The below is a forward rendered scene with 8x MSAA. Note the edges against the skybox are smooth, but the shadow edges are chunky in the top image, but everything is smooth in the bottom one.
Now a valid question might be “why not just use a post process AA”? The answer to that is post process AA techniques don’t address temporal aliasing (flickering of pixels from one frame to another) and that’s the kind of aliasing that VR has the biggest problem with. The flicker is still apparent even if the edge is blurred.
This is just a proof of concept and not optimized or even really usable code. The shader is essentially an unlit shader that samples the screen space shadows.
I haven’t done enough testing to gauge testing; in my test scene there’s no perceivable difference in performance, maybe ~0.2ms @ 1920x1080, but this scene isn’t exactly indicative of a real game scene and the additional depth samples this shader does is going to start to cost more in a scene that actually uses textures. How much more I couldn’t say without extra testing. The shader is doing up to 5 depth samples for each fragment sample. With 4x MSAA this means an additional 1 texture sample to up to worst case of 20 additional texture samples per pixel, with 8x MSAA this goes up to 40, but it’ll be exceedingly rare as every coverage sample of the MSAA would have to be of a different polygon. It’s plausible fo complex geometry with 4x MSAA, but if you’re hitting that with 8x MSAA I would say you need to rethink your mesh density.
1.0 / 10000.0 is because that form is a little easier to tweak and when the shader is compiled it store the number as 0.00001 for me since both values are constant.
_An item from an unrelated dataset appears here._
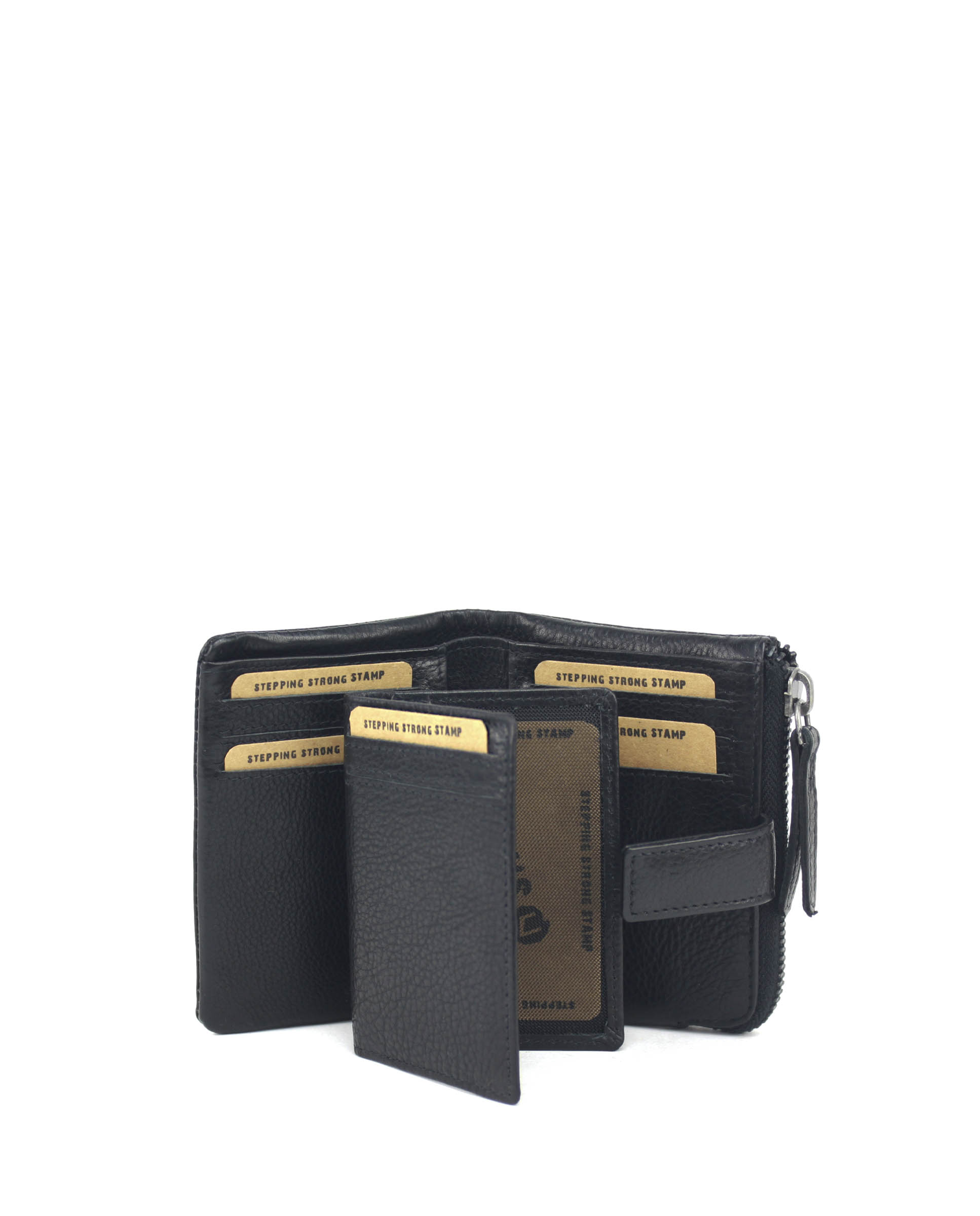 Cartera pequeña de mujer en piel lavada ST32001 Chara negra - Imagen 5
That is basically a dumb magic number anyway and needs some work to be a slightly less dumb magic number.
I’m doing the uv offsets in the pixel shader because this is just a prototype and because isn’t intended for mobile. I’ll explain.
Most of the time people think you should do as much work in the vertex shader as possible because there are fewer vertices than pixels and the cost of the math will be reduced. This is true, but there’s a cost to moving data from the vertex shader to the pixel shader that most people don’t realize and GPUs are really fast at calculations. The savings of calculating something fewer times might be lost if it’s a lot of data or not a lot of calculation. In this case it’s transferring 10 float values vs the cost of 4 multiplies. With some optimization that could be 8 floats vs 2 multiplies. Either way doing 4 multiplies is nearly free, but 10 floats are not. If there was two or three times as much math involved it might start to make sense.
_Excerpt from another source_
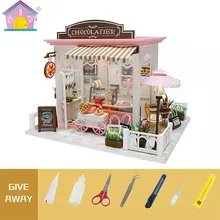 Сборный строительный песочный Кукольный дом деревянный DIY Модель какао "s фантастические идеи кукольный домик мебель для дома Minature подарок на день рождения C007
On mobile calculating UVs in the vertex shader specifically is still a huge win as it means the gpu can cache the texture values before running the fragment shader and the performance of the data transfer to calculation speed isn’t quite as far apart as it is on the desktop. So if I was writing this for a mobile device I would be doing a lot more in the vertex shader.
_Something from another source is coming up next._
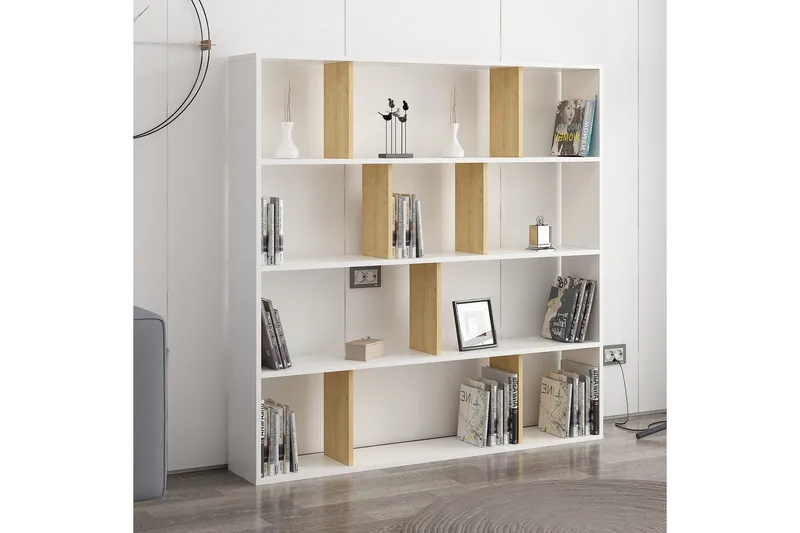 Kirjahylly Hodbi 145x25 cm - Puu/Luonnonväri/Valkoinen - Säilytys - Hylly - Kirjahylly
After posting this I realized this technique has a lot of similarities to Inferred Rendering which made me realize it could be abused to limited shadowing on transparency. I have this working with AlphaToMask right now, but only one layer at a time.
this is not correct: in MSAA fragment shader executed only once for all subsamples inside a pixel, so number of executed fragment functions is always the same as if no MSAA applied
While you are correct that MSAA only runs the fragment shader once per pixel and in the best case it is identical to no MSAA. But it’s once per pixel per triangle, and a different triangle can be rendered per subsample. So for 4x MSAA up to four fragment shaders may be executed per pixel. And that’s ignoring potential overdraw.
For example, if the subpixel samples all hit a different triangle, like in the case of a vertex shared by 4 triangles being right at the center of the pixel, then the fragment shader will be executed 4 times. 4 evocations * 5 depth texture samples = 20 additional texture samples.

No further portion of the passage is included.